The second project was similar in that it involved automatically
transforming text into a pictorial display. This project involved
developing a prototype interface for facilitating secure sharing of
sensitive data across organisations. Data-sharing agreements between
organisations determine which documents can be read by whom and in what
circumstances. The aim was to produce a piece of software that allows
data-sharing agreements to be visualised in order to verify that the text
is consistent (i.e. not self-contradictory). This means that an agreement
can be generated automatically from typescript in English, but no special
skills are required to either write it, or to read and understand it. The
software recognises contradictions, such as someone being allowed to view
documents under certain circumstances but forbidding them from being in
such circumstances.
As BAE Systems have confirmed, both projects achieved their goals as a
feasibility-of-concept demonstration system was produced for each. Drawing
on Arnold's research and expertise, the BAE Systems project teams were
able to greatly improve their understanding of the problems and the
techniques and technologies available. BAE Systems have gone on record as
saying:
"Dr. Arnold's role in both projects was critical, in two main ways.

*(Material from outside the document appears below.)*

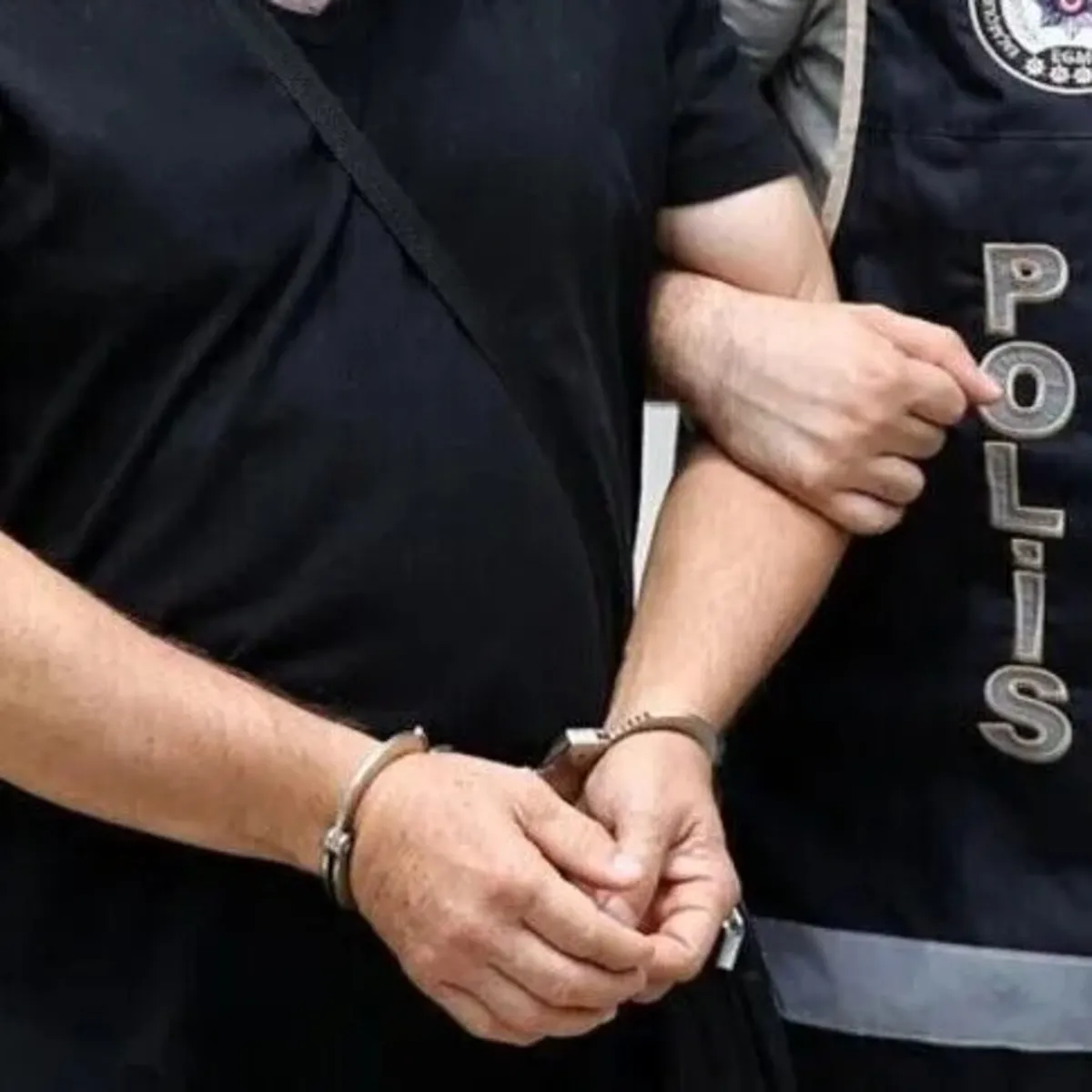 Firari FETÖ'cüye saklandığı adreste operasyon!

First, his understanding and command of the fundamental theoretical
concepts meant that the projects were able to focus on the fundamentally
important issues, this was important both in the design and execution of
the projects. Second, his awareness of the capacities and limitations of
advanced research tools and toolsets for Natural Language Processing meant
that the projects were able to make more informed and appropriate choices
among existing tools, and were able to focus resources on areas where
existing tools are inadequate"
He was thus able to provide BAE Systems with tools and models for
conceptualising what they were trying to build. In so doing, he allowed
staff at BAE Systems to better understand the parameters of the types of
system they were attempting to construct.

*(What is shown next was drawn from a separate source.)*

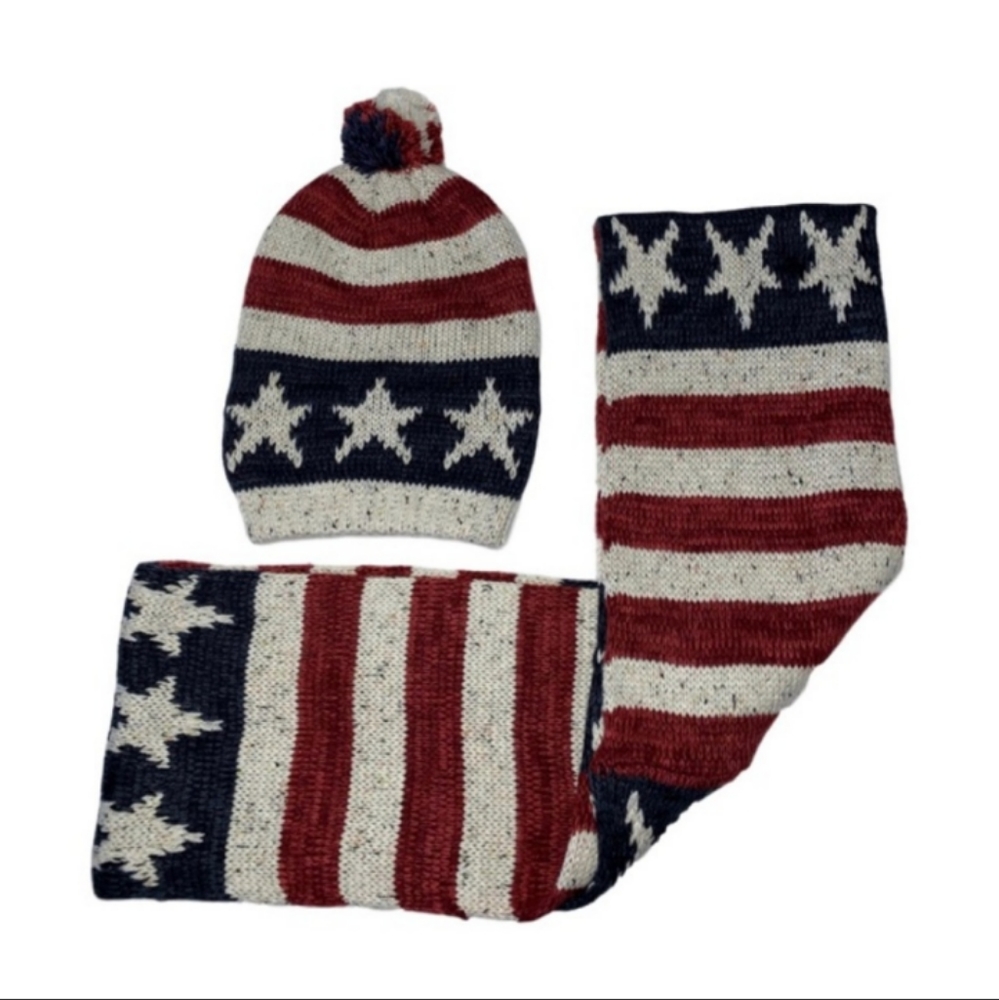 🔥RARE Muk Luks scarf & beanie hat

His guidance to BAE Systems included supplying information about which
systems were research-only and providing an appreciation of the limits of
different technologies. The latter proved crucial as his contribution
involved not only helping to develop certain systems but also giving
advice about what should be abandoned and what was not possible. Indeed,
BAE Systems have stated that Arnold's contribution enabled the teams "to
contemplate a range of novel projects, but also avoiding projects whose
goals are over-ambitious given the current state of the art." BAE Systems
added that avoiding over-ambitious projects is an "aspect of technology
transfer [that] is often neglected in university-industry collaboration
and Dr Arnold's contribution has been greatly appreciated".

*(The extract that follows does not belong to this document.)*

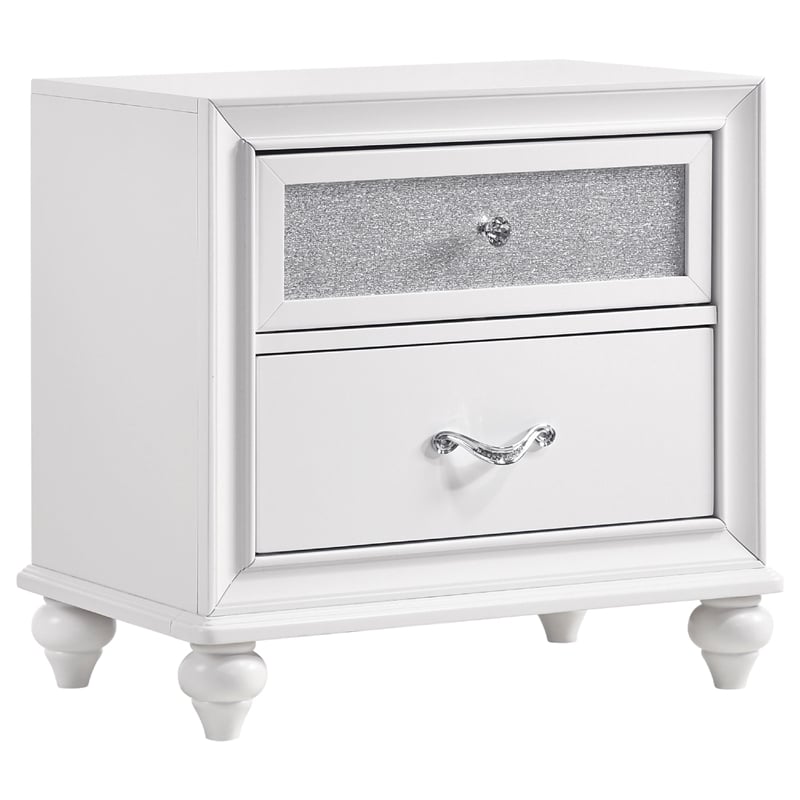 Pemberly Row 4 Piece Queen Bedroom Set with Tufted Wingback in White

The success of the two projects is demonstrated by BAE Systems inviting
Arnold to work on a further initiative in March and April 2013. This
involved collaboration on a proposal for a future project on the
extraction of information from dialogue. Arnold prepared a report on the
current state of the art, which again relied on his research expertise on
rule-based machine translation.
Sources to corroborate the impact
All documents are available from HEI on request.
- University and Collaborative Relationships Manager, BAE Systems.
- Contract confirming Arnold's work with BAE Systems in March and April
2013.
- Email from member of staff at BAE Systems outlining project on the
extraction of information from dialogue.